Analytical and Bioanalytical Chemistry

, Volume 398, Issue 1, pp 571–576

Transfer of bisphenol A from thermal printer paper to the skin

Authors

  • Sandra Biedermann
    • Official Food Control Authority of the Canton of Zürich
  • Patrik Tschudin
    • Swiss Public Radio DRS
    • Official Food Control Authority of the Canton of Zürich
Technical Note

DOI: 10.1007/s00216-010-3936-9

Cite this article as:
Biedermann, S., Tschudin, P. & Grob, K. Anal Bioanal Chem (2010) 398: 571. doi:10.1007/s00216-010-3936-9

Abstract

Of 13 thermal printing papers analyzed, 11 contained 8–17 g/kg bisphenol A (BPA). When taking hold of a receipt consisting of thermal printing paper for 5 s, roughly 1 μg BPA (0.2–6 μg) was transferred to the forefinger and the middle finger if the skin was rather dry and about ten times more if these fingers were wet or very greasy. This amount transferred to dry skin was neither significantly increased when taking hold of the paper at up to 10 sites, nor reduced when BPA-free paper was contacted afterwards. After 60–90 min, BPA applied to the skin as a solution in ethanol was only partially or no longer at all extractable with ethanol, whereas BPA transferred to the skin by holding thermal printer paper remained largely extractable after 2 h. This suggests that penetration of the skin depends on the conditions. Extractability experiments did not enable us to conclude whether BPA passes through the skin, but indicated that it can enter the skin to such a depth that it can no longer be washed off. If this BPA ends up in the human metabolism, exposure of a person repeatedly touching thermal printer paper for 10 h/day, such as at a cash register, could reach 71 μg/day, which is 42 times less than the present tolerable daily intake (TDI). However, if more than just the finger pads contact the BPA-containing paper or a hand cream enhances permeability of the skin, this margin might be smaller.

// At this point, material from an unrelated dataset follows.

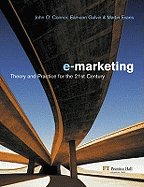 Electronic Marketing: Theory and Practice for the Twenty-First Century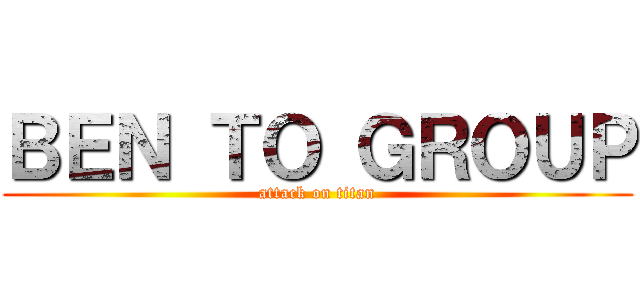 ＢＥＮ ＴＯ ＧＲＯＵＰ (attack on titan)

https://static-content.springer.com/image/art%3A10.1007%2Fs00216-010-3936-9/MediaObjects/216_2010_3936_Figa_HTML.jpg
Figure

Thermal printer paper as used in numerous every-day-applications

Keywords

Thermal printer receiptSkin contactExposure to bisphenol ASkin permeability

Introduction

Bisphenol A (BPA) is the subject of hot debates regarding “low dose” toxicological effects [13], i.e., effects at doses clearly below the present tolerable daily intake (TDI) of 0.05 μg/kg body weight [4, 5]. If such effects were proven to be pertinent for human health, exposure to sources so far considered minor might become relevant. Dermal exposure to BPA from thermal printer paper might be such a source.

Thermal printer paper includes the printing ink covering the whole surface on the side to be printed. The colorant consists of a leuco dye, i.e., a molecule that can adopt two forms, one of which is colorless. On printing, a thermal head causes the components to melt and react with each other, causing the dye to become dark. Thermal printing papers are regularly used at workplaces like laboratories with recorders using such paper or at cash registers of shops.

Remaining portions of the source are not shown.